Correct termination of RNA synthesis (transcription) is crucial for proper bacterial gene expression. Currently, there are two well-established ‘textbook’ mechanisms of bacterial transcription termination- intrinsic and Rho-dependent. In bacteria, Rho-dependent termination relies on the protein factor Rho, that classically has three conserved domains. A few previous studies also describe bacteria with Rho factors having an insertion domain (e.g., Mycobacteria). However, the variation in Rho structure and function among bacteria has not been analysed in detail.
Therefore, this study aims to characterise bacterial atypical Rho termination factors with additional or missing domains. Distribution, sequence conservation, expression and predicted structure were analysed bioinformatically.The detection of Rho domains was performed by HMMER with Pfam or custom specific Hidden Markov models in 2730 high-quality bacterial genomes. Bioinformatics analyses of Rho included: alignment (MAFFT), phylogeny (FastTree), expression (Hisat2, StringTie, and Ballgown), secondary structure prediction (AlphaFold), and disorder (flDPnn).

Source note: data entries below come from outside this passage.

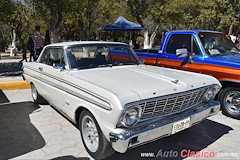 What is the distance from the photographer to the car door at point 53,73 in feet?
12.0

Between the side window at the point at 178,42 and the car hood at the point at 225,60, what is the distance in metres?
0.69

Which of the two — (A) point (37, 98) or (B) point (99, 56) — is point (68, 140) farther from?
(A) point (37, 98)

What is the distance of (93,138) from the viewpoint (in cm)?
302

At least one Rho domain was present in 91% of the genomes. However, less than half had typical Rho (49%) other patterns observed were: atypical with an initial domain (9%), atypical with a long insertion after the RNA-binding domain (14%), and multiple Rho domains in different genes (28%). Overall, ‘extra’ domains showed different enriched rich motifs according to the genomic GC% content, and they were predicted to be intrinsically disordered and bind to protein/DNA/RNA. Moreover, these atypical genes from Mycolicibacterium smegmatis are expressed in RNA-seq data.
In conclusion, atypical Rho factors are varied and broadly distributed among bacteria, possibly playing alternative cellular functions. Additionally, these factors might be associated with the termination of distinct RNA terminator sequences that could be part of an uncharacterised mechanism of transcription termination. The comparison of different 3’-end sequences from Term-seq available data has been performing to investigate this hypothesis.